その可能性の一つ一つをあきらめながら、自分生きる分野を定め、その分野での高みを目指して人は大人になって行く。

 「大人になる」とは、経験と努力を重ねて、知識や技術を深く掘り下げ、視点の幅を広げ、複雑な問題に対処できる人間になっていくと同時に、若者の手本となって次の大人の道標となって人を育て、他人への思いにあふれ嘘偽りのない、社会に役立つ人間になること。

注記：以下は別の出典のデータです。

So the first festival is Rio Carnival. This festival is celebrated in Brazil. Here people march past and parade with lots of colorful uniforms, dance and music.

思いつく限りの理想の大人の要素を並べてみるとこんなものだろうか?

 

 皆このような大人になる可能性をもって世に旅立っていくのだが、実際には可能性をどんどん失って(自ら捨て去って)理想からかけ離れた大人になっているケースの方がクローズアップされている感じがしてならない。そしてそのような大人でも会社、学校、自治体、官界、政治の重鎮にはなれているのだ。

 

 毎日毎日報道される多くの事件や問題、そこには、嘘、偽り、暴力、自己保身、思いやりの欠如、堕落、欲、・・・・・ 等が満載。それを社会的地位のある大人が長年学習した言葉を操って、言い訳や正当化に走る。日大のアメフト事件をみると「大人になっていない年配者」とその集団に過ぎない。日大だけではない、軽重あれ似たような組織や集団は色々なジャンルでもありうることだろう。

 

 このような報道を若者が見た場合「大人になる」ということをどのようにとらえるだろう。それが心配だ。

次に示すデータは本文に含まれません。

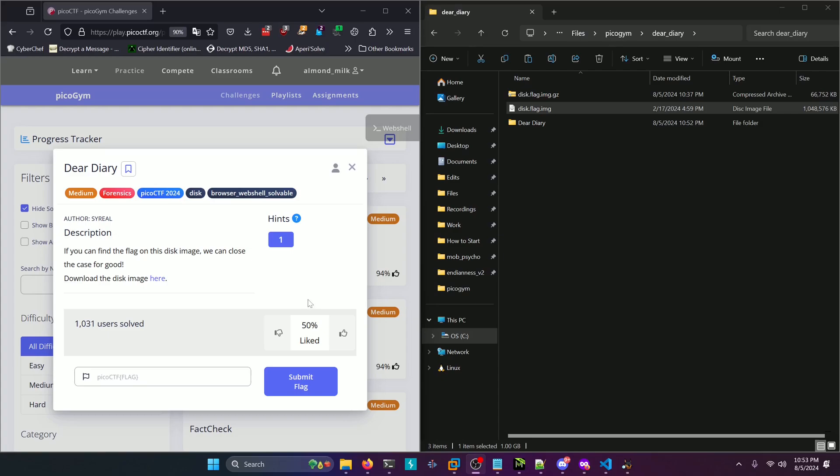Hello world! Welcome back to another PicoGym workout exercise video. In this video we'll be walking through the forensics challenge deer diary. Let's get into it.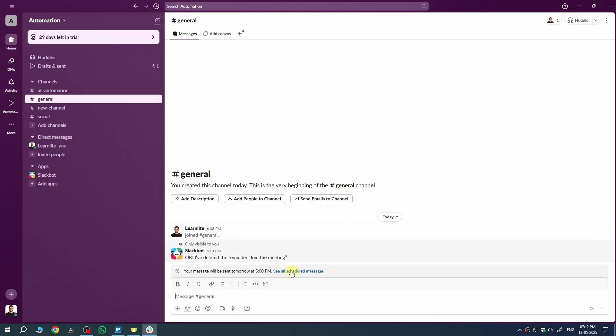Slack will send that message to the channel at the time you selected. So, everyone gets notified exactly when they need to.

 選挙権が18歳からになった。大人はどのような大人の世界に若者を招こうとしているのだろうか、醜い大人の世界に巻き込んでも平然とそれが「大人の世界」とでも言おうしているのか。

 

 だが大半の大人は、勤勉で正直で若者への思いやりもある。若者が活躍すると我が事のように喜んでいる。今の素晴らしい世界を作り上げてきたのも大人の活躍が大きい。

マスコミには、素晴らしい大人がたくさんいることをもっともっと取り上げて欲しい。

 

 「大人になることは汚れてしまうこと」山口百恵さんの歌にこのような意味の歌詞が入った歌があったような記憶がある。

 「清らかな青春」「さわやかな青春」。舟木一夫さんの青春シリーズの歌の裏には「大人になること」への漠然とした不安、汚れてしまうことの不安が隠れていたように思う。

 

 今は昔と違い、大人の生きざま(親が汗水たらして働いているその現場)に日常的に触れることが出来なくなってきた。それだけに、親が無言で大人になるということを教えることはできないのだ。たまの休みに下着姿で晩酌をしている親をみて大人になることの正しい意味は伝わらないだろう。

 

 それだけに、社会全員で「大人になる」ということは格好良くあこがれるべきものなのだ

という事実を沢山情報提供してほしい。そして、世の組織や分野の長になる人間は、自分の

「大人度」を真面目に、真剣に高めてほしい。若者の精神を落ち込ませてしまうのも、精神の救済ができるものも大人の責任なのだ。